We used Adam optimization during training network with default learning rate as specified in the OpenCV library. However, we also used Stochastic Gradient Descent (SGD) but in this case, you have to manually set these parameters, as with default learning rate SGD gives low training and validation accuracy. We trained it with 50 epochs. It took around 2 hours to train CNN model in a 6GB RAM CPU. The accuracy of the model was around 94%. The output of real-time testing is shown in the video below. Bandicam software is used to record desktop activity.
The application finds blue pointer and makes a circle around that, then it finds the center of circle to draw lines or curve followed by hand movement. You can replace blue color pointer with other colors too. For that, you need to give appropriate RGB color combination in the code. As per the drawing pattern, model guesses and shows the predicted emoji as output. However, sometimes it couldn’t classify object correctly. The obvious reason is real-time application is sensitive to noise, background color and quality of sensor used for acquisition of video stream. However, accuracy of the system can be improved by training it with more number of epochs, keeping hand with blue pointer close enough to webcam.

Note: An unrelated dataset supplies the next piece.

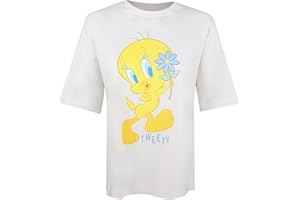 Cotton Soul Looney Tunes Tweety Flower damska koszulka oversize oversize, biała vintage
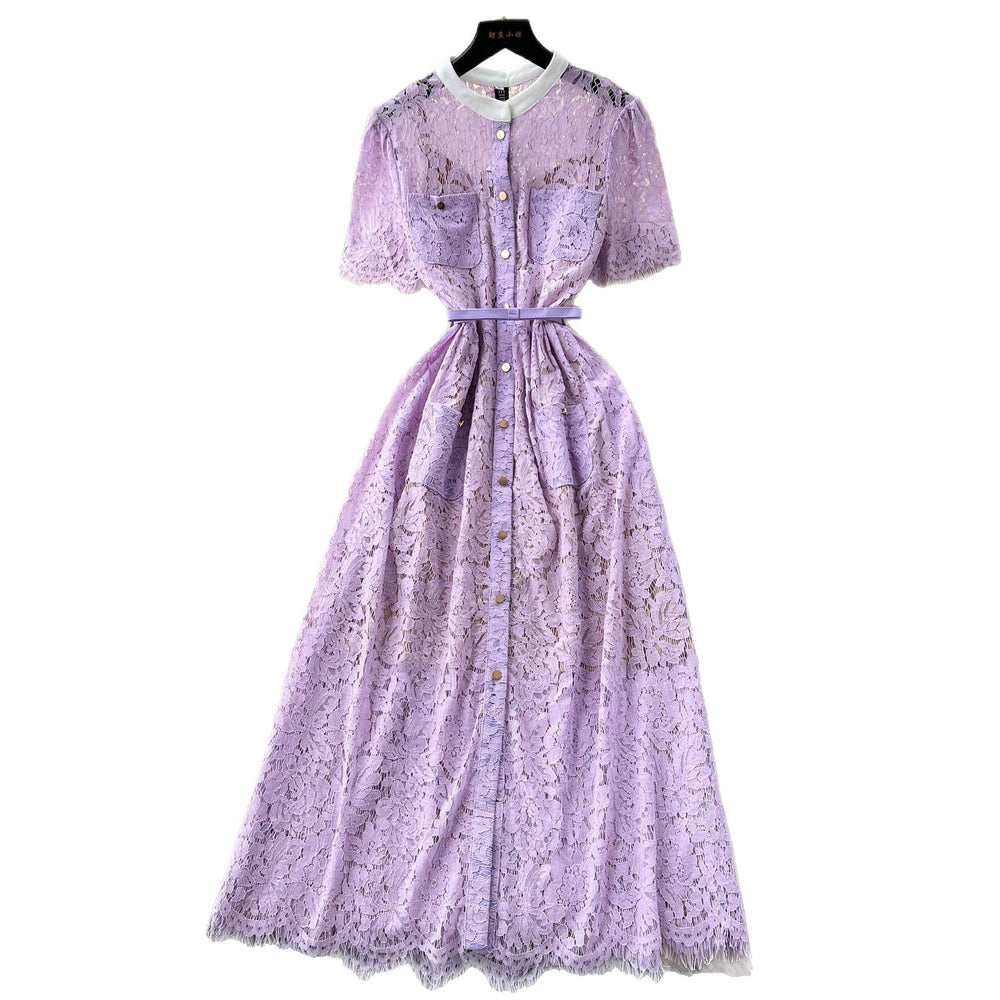 French high-end women's dress -  summer collection: chanel-inspired, cinched waist, single-breasted, elegant lace maxi dress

The source code of this application is available at GitHub repository. You can download and use it to train your own CNN model. The installation process of required packages is also mentioned at GitHub page.
Thanks to Jayeeta Chakraborty, who helped me to develop this project. I would also like to thank Akshay Bahadur for his excellent tutorial and code. However, I made some improvement in CNN architecture by adding extra convolutional and dropout layers to improve performance of system. Hope this article and code will help you to develop other similar real-time applications.